SUPPLIED MATERIAL:
------------------------------------------------

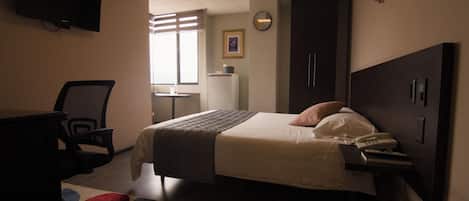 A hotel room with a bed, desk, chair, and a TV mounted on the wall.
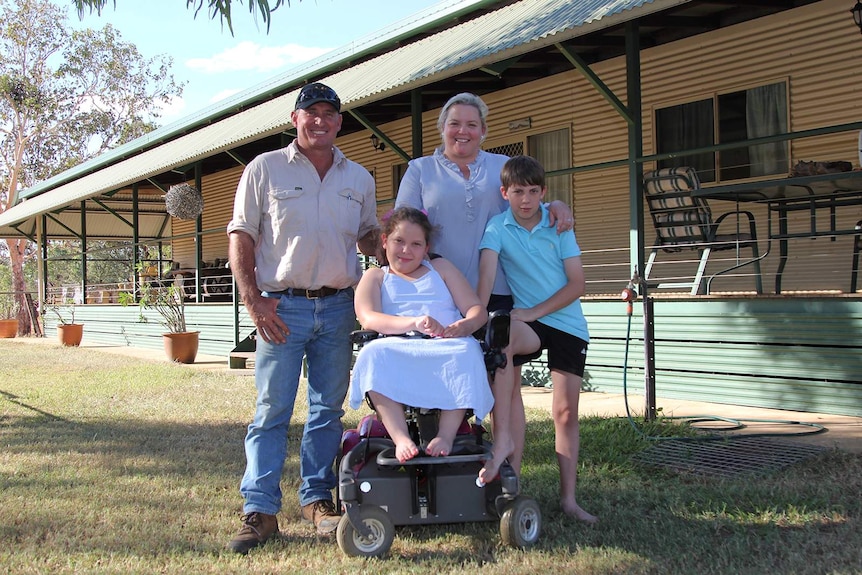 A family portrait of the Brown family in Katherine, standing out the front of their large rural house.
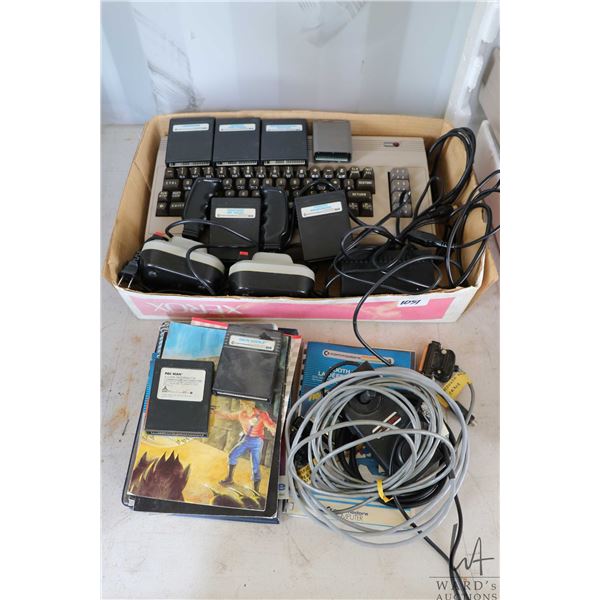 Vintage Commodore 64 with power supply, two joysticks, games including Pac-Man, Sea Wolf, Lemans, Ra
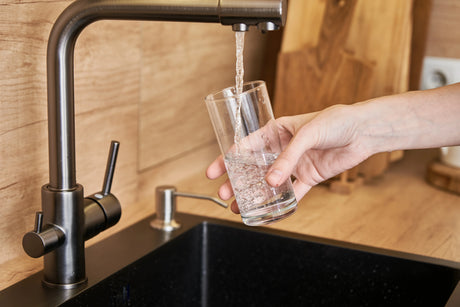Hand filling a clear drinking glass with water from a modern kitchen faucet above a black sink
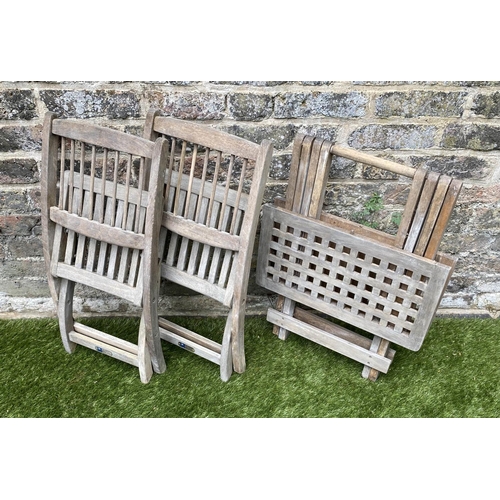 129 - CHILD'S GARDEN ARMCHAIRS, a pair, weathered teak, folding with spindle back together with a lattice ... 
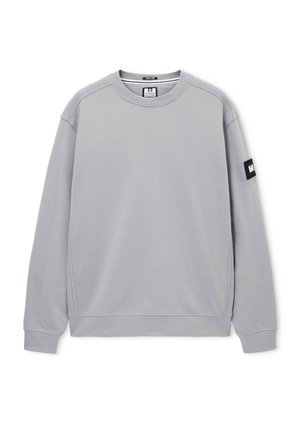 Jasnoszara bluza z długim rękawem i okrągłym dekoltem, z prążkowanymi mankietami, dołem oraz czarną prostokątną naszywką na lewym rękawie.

------------------------------------------------

TASK PROMPT: Find the line containing "Vintage Commodore 64" and copy it and each line after it through the end of the material, exactly, with no pictures.

OUTPUT OF THE TASK:
 Vintage Commodore 64 with power supply, two joysticks, games including Pac-Man, Sea Wolf, Lemans, Ra
Hand filling a clear drinking glass with water from a modern kitchen faucet above a black sink
 129 - CHILD'S GARDEN ARMCHAIRS, a pair, weathered teak, folding with spindle back together with a lattice ... 
 Jasnoszara bluza z długim rękawem i okrągłym dekoltem, z prążkowanymi mankietami, dołem oraz czarną prostokątną naszywką na lewym rękawie.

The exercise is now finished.